Exxon Corp. v. Baton Rouge Oil and Chemical Workers Union

Decision Date15 March 1996
Docket NumberNo. 94-30681,94-30681
Citation77 F.3d 850
Parties151 L.R.R.M. (BNA) 2737, 131 Lab.Cas. P 11,548, 11 IER Cases 879 EXXON CORP., Plaintiff-Appellant, v. BATON ROUGE OIL and Chemical Workers Union, Defendants-Appellees.
CourtU.S. Court of Appeals — Fifth Circuit

Douglas B. Neagli, Herbert E. O'Niell, Robert E. McNeal, Exxon Company, U.S.A., Houston, TX, for Exxon.

Louis L. Robein, Jr., Gardner, Robein & Urann, Metairie, LA, James D. Thomas, II, Baton Rouge, LA, for Appellees.

Appeal from the United States District Court for the Middle District of Louisiana.

Before REYNALDO G. GARZA, JOLLY and DUHE, Circuit Judges.

E. GRADY JOLLY, Circuit Judge:

This appeal requires us to determine whether, as a matter of national policy, the federal courts must decline to enforce an arbitrator's award that orders only backpay--not reinstatement--for an employee who was fired because of drug use, but also fired in violation of the terms of his collective bargaining agreement. The case arose from the discharge of Donald Chube by Exxon Corporation for his violation of the company's policy on alcohol and drug use. Chube worked as a supervisor in a "safety-sensitive position," and was discharged after a drug test indicated that he had used cocaine. After Exxon terminated Chube, the Baton Rouge Oil and Chemical Workers Union grieved his discharge and won an order for Chube's reinstatement and back pay. The district court affirmed the arbitrator's alternative order for reinstatement only. Exxon appeals. We reverse and render.

I

Exxon operates a chemical plant near Baton Rouge, Louisiana. The production and maintenance employees operate under a collective bargaining agreement dated March 31, 1988. Chube, who was ordinarily an operator in the olefins purification department, had been "stepped up" to a safety-sensitive classification, operations controller, in which he acted as a temporary supervisor. The record is unclear as to the permanency of this position, but it is clear that he was acting as a temporary supervisor at the time that he was drug-tested.

In 1987 Exxon revised its alcohol and drug use policy. The new policy authorized unannounced searches for drugs and alcohol on Exxon property. It also required employees to submit to alcohol and drug testing "where cause exists to suspect alcohol or drug use." A positive test result or refusal to submit to a test was grounds for disciplinary action, including termination. One year after Exxon revised its policy, the Drug-Free Workplace Act of 1988, 41 U.S.C. § 701-707, was enacted. To clarify its policies and to comply with the Act, Exxon published a list of "Posted Offenses," giving notice that an employee who committed one of the following offenses could be discharged or otherwise disciplined without notice:

a.
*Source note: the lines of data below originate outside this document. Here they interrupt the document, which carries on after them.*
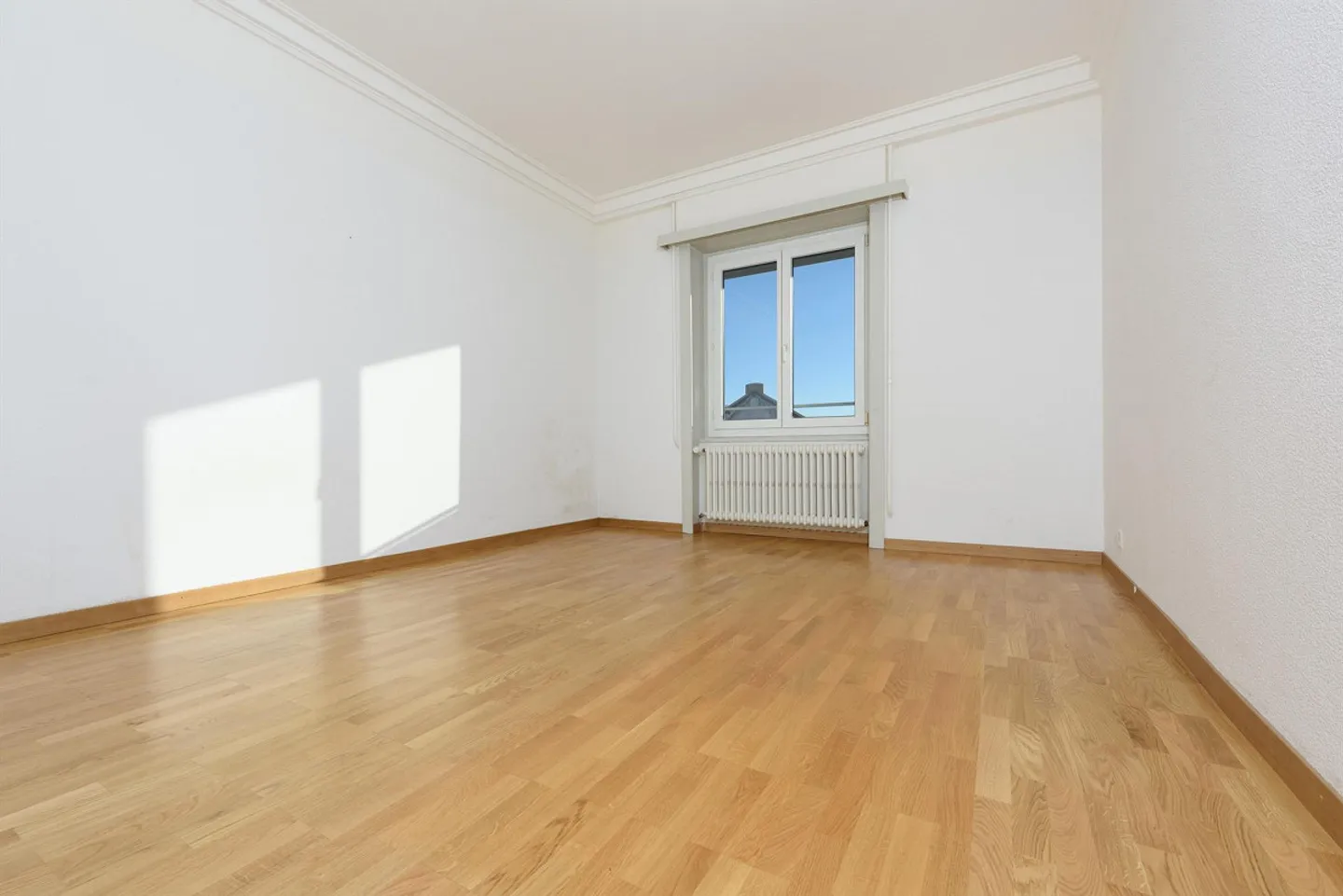 Appartamento moderno con terrazza - Foto 4 di 7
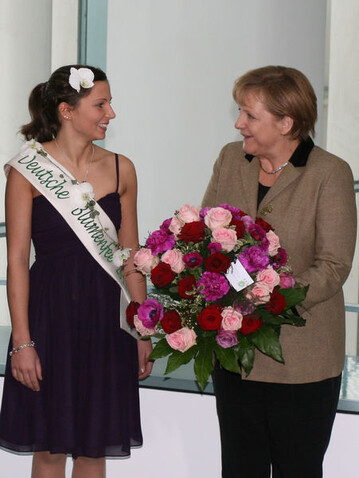 Lisa Maurer, Deutsche Blumenfee 2011/2012, mit Bundeskanzlerin Angela Merkel, der sie am heutigen Valentinstag den Gru der Grtner und Floristen berbrachte.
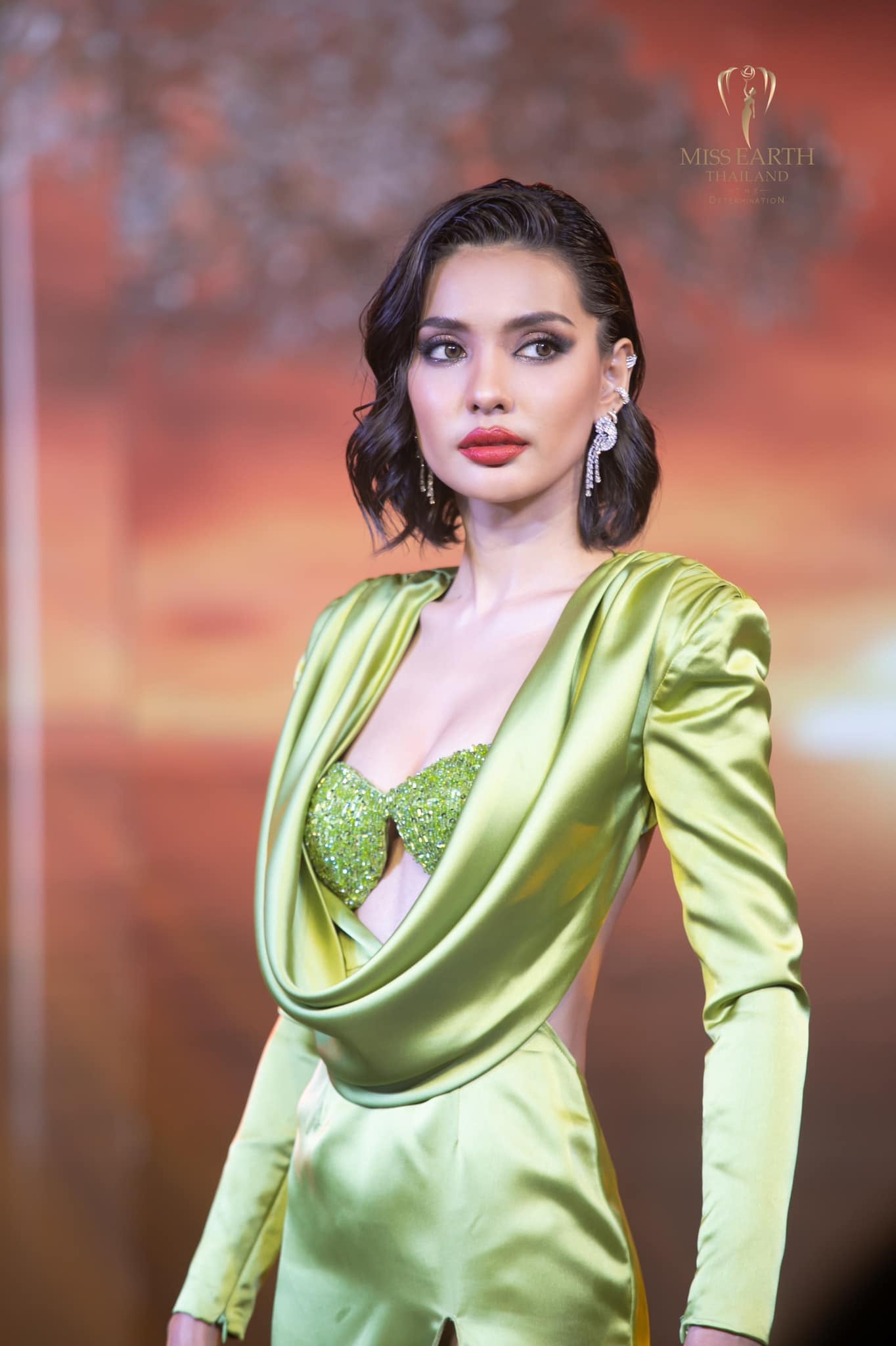 Nhan sắc quyến rũ đầy mê hoặc của tân Hoa hậu Trái đất Thái Lan 2021 - Ảnh 5.
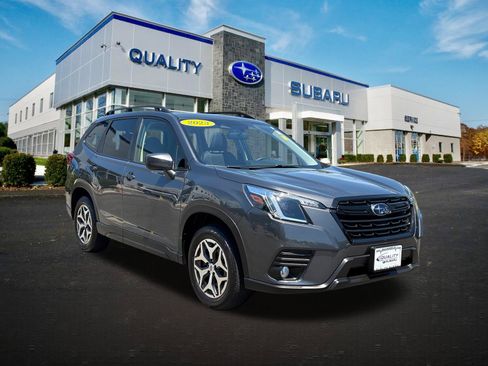 Used 2023 Subaru Forester Premium AWD/4WD image 5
Being under the influence of alcohol, in the opinion of a doctor, Company guard, or supervisor, on Company time or property.

b. Bringing onto Company property, or possessing or using on Company time or property, an alcoholic beverage, a habit-forming drug, or a drug which the Company believes may impair the employee's ability to perform duties in a safe and responsible manner.

c. Habitual use of an alcoholic beverage or habit-forming drug; except where the Company doctor believes that such use is necessary for the employee's health.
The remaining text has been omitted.